Baseball Season. Finally!
Dodger Stadium is one of my favorite places on earth. As a lifelong Yankee fan, this is not an admission I make lightly. It opened in 1962 and was built in a huge ravine. No matter where you sit, you can watch the gorgeous San Gabriel Mountains beyond the outfield turn purple as the sun goes down and then watch the stars alight as the sky darkens. Dodger Stadium is also the one place in Los Angeles that really makes me feel like I live in a big city: Lots of different races, creeds and colors normally spread across the vast urban sprawl that is Los Angeles come together to share their love of the game. That diversity, to me, is the engine of a city, and the only place I find it in Los Angeles is at Dodger Stadium.
Call me a wuss, but I get an intensely adverse reaction to ballpark food. I don’t know if it’s the grease, the seasonings or just plain unsanitary food prep—though my husband, Dan, is always fine regardless of what he eats. Aside from Cracker Jacks and ice cream, there’s not much that tempts me, and since Dan and I primarily go to night games, dinner is a challenge. I keep vowing to muster the courage to try the garlic fries, which you can smell from the parking lot, but each time I think of eating them, my esophagus screams all sorts of obscenities at me.

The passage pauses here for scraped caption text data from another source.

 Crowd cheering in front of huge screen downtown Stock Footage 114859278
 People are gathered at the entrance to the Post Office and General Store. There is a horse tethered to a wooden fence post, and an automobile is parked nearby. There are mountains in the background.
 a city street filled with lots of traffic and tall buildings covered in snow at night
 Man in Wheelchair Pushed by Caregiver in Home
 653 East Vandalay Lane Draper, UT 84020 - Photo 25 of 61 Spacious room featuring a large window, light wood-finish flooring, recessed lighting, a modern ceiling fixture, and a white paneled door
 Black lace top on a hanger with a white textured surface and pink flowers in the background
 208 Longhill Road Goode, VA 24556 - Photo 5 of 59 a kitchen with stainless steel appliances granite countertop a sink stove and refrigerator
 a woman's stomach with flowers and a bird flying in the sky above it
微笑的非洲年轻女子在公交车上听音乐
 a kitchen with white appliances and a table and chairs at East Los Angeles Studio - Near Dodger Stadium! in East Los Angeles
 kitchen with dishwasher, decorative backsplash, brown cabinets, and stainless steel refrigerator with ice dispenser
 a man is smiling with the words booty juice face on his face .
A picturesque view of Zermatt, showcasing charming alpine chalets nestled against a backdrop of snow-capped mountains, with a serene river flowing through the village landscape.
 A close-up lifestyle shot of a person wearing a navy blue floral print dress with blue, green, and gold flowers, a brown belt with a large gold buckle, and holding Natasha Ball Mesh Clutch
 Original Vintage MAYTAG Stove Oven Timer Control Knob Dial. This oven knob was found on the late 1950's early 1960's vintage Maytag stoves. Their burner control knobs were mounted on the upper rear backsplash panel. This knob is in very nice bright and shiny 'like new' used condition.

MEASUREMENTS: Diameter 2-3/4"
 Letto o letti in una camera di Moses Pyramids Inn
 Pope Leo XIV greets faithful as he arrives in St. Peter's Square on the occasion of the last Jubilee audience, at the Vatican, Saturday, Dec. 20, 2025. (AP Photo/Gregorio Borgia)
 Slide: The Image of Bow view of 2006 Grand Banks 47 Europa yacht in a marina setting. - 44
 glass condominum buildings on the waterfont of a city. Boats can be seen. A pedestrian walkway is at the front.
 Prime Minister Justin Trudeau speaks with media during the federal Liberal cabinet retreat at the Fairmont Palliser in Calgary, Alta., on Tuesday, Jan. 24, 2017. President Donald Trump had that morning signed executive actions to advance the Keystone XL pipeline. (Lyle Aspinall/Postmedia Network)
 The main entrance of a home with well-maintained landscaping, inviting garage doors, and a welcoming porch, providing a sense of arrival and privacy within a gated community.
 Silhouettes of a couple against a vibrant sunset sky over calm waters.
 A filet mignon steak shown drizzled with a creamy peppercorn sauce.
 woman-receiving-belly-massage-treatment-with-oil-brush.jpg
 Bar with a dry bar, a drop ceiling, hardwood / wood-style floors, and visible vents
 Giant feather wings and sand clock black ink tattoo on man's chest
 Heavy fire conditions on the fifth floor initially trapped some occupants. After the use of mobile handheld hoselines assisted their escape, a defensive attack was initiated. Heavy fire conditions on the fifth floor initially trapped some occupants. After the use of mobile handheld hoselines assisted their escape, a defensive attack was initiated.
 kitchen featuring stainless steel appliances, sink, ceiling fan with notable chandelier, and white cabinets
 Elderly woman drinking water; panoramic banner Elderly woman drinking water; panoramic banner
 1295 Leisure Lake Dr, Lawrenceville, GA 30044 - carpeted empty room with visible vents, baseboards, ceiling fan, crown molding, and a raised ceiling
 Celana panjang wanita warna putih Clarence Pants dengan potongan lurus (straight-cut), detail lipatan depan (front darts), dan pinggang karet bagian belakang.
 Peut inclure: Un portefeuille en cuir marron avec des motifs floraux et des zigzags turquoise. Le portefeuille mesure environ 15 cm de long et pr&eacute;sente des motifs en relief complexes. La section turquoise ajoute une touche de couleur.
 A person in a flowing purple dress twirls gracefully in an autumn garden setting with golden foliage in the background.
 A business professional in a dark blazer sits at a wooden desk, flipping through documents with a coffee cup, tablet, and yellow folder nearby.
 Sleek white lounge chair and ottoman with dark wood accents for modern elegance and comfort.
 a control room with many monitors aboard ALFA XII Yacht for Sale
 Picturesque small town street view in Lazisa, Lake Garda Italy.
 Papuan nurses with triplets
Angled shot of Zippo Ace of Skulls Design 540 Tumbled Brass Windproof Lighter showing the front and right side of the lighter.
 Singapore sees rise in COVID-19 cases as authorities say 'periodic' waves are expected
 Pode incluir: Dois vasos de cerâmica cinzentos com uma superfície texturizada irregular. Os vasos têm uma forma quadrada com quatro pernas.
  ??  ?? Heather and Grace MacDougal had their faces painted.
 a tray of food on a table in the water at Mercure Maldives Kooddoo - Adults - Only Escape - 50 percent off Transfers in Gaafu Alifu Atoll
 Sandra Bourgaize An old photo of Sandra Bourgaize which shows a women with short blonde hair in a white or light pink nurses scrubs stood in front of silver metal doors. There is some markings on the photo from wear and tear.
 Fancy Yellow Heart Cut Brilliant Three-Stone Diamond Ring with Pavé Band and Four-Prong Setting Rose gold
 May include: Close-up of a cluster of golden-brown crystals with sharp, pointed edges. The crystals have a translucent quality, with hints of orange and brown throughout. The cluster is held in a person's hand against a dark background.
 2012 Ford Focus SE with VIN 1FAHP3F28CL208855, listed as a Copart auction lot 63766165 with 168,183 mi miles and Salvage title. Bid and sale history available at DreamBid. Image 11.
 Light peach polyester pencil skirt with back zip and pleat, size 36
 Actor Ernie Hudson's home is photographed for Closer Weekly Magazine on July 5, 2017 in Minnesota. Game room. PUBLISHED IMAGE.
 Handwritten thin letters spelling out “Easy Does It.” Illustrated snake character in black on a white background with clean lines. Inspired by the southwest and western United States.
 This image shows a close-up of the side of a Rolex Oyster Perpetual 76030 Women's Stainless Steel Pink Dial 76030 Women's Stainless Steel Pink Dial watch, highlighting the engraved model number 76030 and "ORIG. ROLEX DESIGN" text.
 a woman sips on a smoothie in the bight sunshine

Another cool thing about Dodger Stadium is that you are allowed to bring in your own food. So, this year for the Dodgers’ home opener, I created a sandwich that can easily be transported and consumed pretty much anywhere. And, if I need a snack later in the game, I can always ignore my esophagus and hit the kiosk that sells the garlic fries during the seventh-inning stretch.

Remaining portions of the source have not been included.